Remember everything I said about Eli Whitney and the Sound Machine, about being the lovechild of Streetlight Manifesto and Against Me? Well I just found Eli Whitney’s not-long-but-still-lost brother, The Pandemics, another ska band from Long Island, New York.

I found that this group in particular was a little more conscious of their musicianship and was more horn-focused than Eli Whitney & The Sound Machine. Even they’re instrumental tracks are as infectious as the songs that feature vocals. Chris Malone’s vocals also sound similar to Tomas Kalnoky’s at points, which makes this band a very contender for a possible opening slot with Streetlight if they were ever to tour with an unsigned group.

If that wasn’t exciting enough, both The Pandemics AND Eli Whitney & the Sound Machine are in the process of working out a Co-Headlining tour!!! If everything works out and the tour actually happens, you had better make your way over there to see that show, because it’ll a party like no other. Both bands have debut EP’s out right now for you to check out, so please do so or else be forever known as a square. I’ll keep you posted on the status of the tour, until then, keep on ska-ing.

Luke Helker - Luke Heller // Hear Me Out - Blog

"Duff Review: The Pandemics and Los Skarroneros at Electric Avenue (at Characters NYC) on 11/10/12"

Despite having to compete with two (!) other ska/reggae shows that night (Dub is a Weapon, and The Forthrights/Frightnrs gig--both in Brooklyn), a very enthusiastic crowd of about 60-70 turned out for Electric Avenue's debut ska-punk night with The Pandemics and Los Skarroneros. Both bands were terrific; everyone had blast; and the vibe was really, really, good!

While I'm not overly familiar with either band's material (I've never seen The Pandemics before and have only caught Los Skarroneros at a show once before at The Lake), they both served up extremely high energy performances that had the audience up on their feet and dancing for both sets (dorky EA fact: Los Skarroneros' set actually inspired our first Electric Avenue mosh pit to form).

I usually have loads of video for Duff Guide to Ska readers to view, but just before I left to set up my DJ equipment at Characters NYC, I discovered that my Flip video camera was busted (the little metal knob that provides a connection to and holds the battery in place was gone--it must have come off when I dropped the Flip a few weeks ago...anyone out there good at soldering?).
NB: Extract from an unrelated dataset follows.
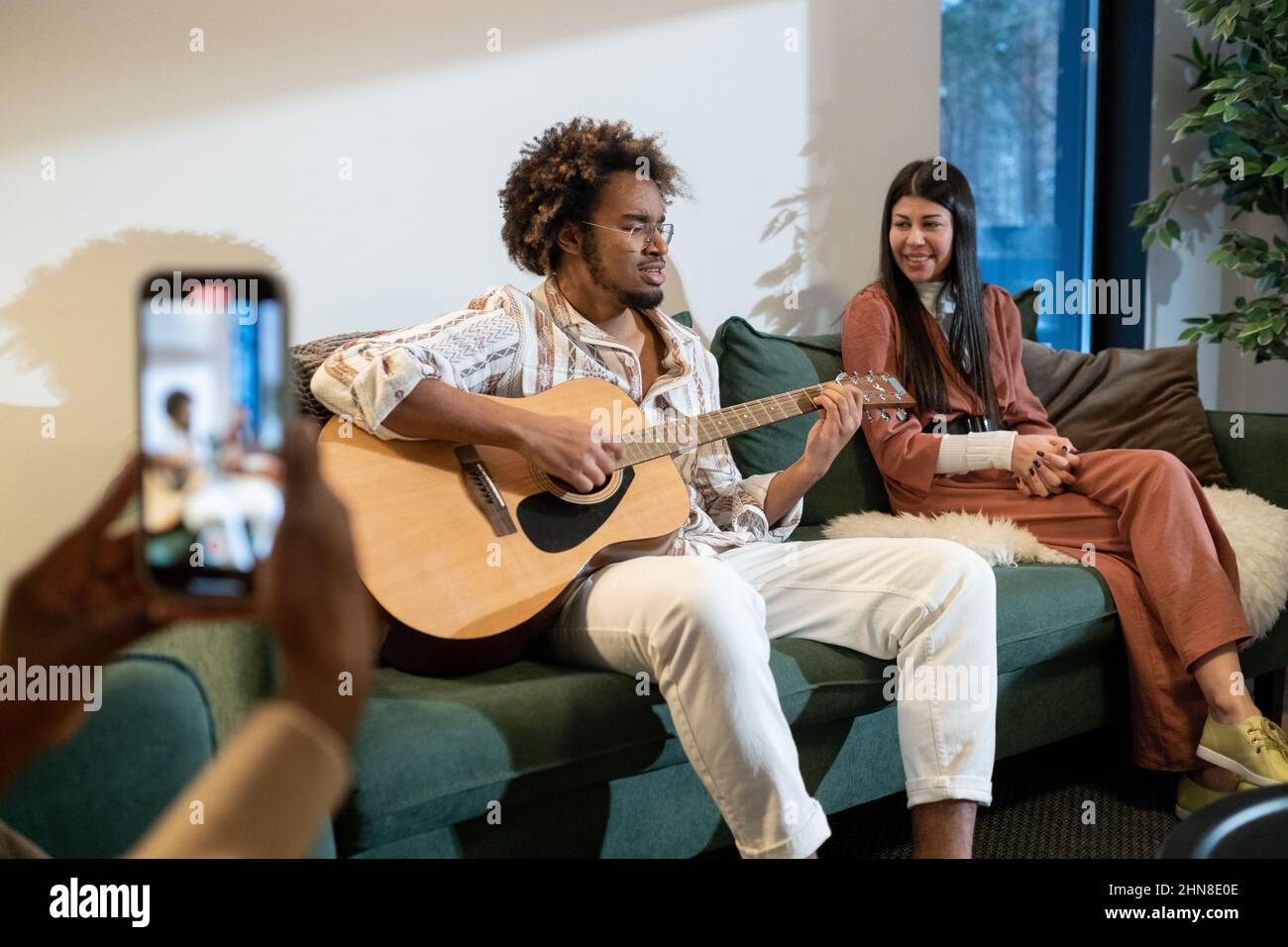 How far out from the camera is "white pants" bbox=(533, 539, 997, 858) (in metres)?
1.18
However, I did tape one song from each band on my phone to give you a taste of the bands and the night.

The Pandemics' excellent set--which ranged from vintage ska to ska-jazz to modern ska to ska-punk--was comprised mostly of songs from their great new-ish album, Brain on Tap (which can be sampled/bought here on Bandcamp). I particularly dug their trad and modern ska songs, including "Skaramanga," "One Night Stand," "Movin'," and "Separate Parts" (the last two you'd swear were Toasters songs)--and they also threw in two very choice covers: Byron Lee's/Keith Lyn's/Ken Lazarus' "Jamaica Ska" and John Lennon's/Paul McCartney's "I Saw Her Standing There."

Since my Spanish is poor to non-existent, I can't tell you much about Los Skaronneros were singing about--but their slightly ragged ska-punk songs were passionate and (from what I was told) political, and really pumped everyone up. The track I recorded below, "Cananea 1906," is about a strike at the Cananea Consolidated Copper Company, where the Mexican miners demanded equal pay/treatment with their American counterparts. The U.S.-owned company sent American vigilantes to confront the Mexican workers and ended up shooting and killing dozens of miners--which outraged people across Mexico and helped spark the Mexican Revolution of 1910.

After Los Skarroneros' set, most people hung around for a few more hours--drinking and talking while I spun ska and reggae vinyl and CDs. Twice, Chris Malone of The Pandemics approached me to confirm the names of the tracks I was playing: "Swinging Like Tiger Woods" by The Porkers and "Kicking Pigeons" by Spunge. Someone else then asked about the Planet Smashers' "All Men Fear Women"--though the track that seemed to move the crowd the most was Prince Fatty's incredible new production of John Holt's "Ali Baba," featuring Winston Francis and Dennis Alcapone.

We plan to have both bands back sometime in 2013, so you'll have a chance to check them out/see them again--something you definitely should make a point to do. - Steve Schafer // The Duff Guide to Ska - Blog

"Record Review: The Pandemics - Brain On Tap"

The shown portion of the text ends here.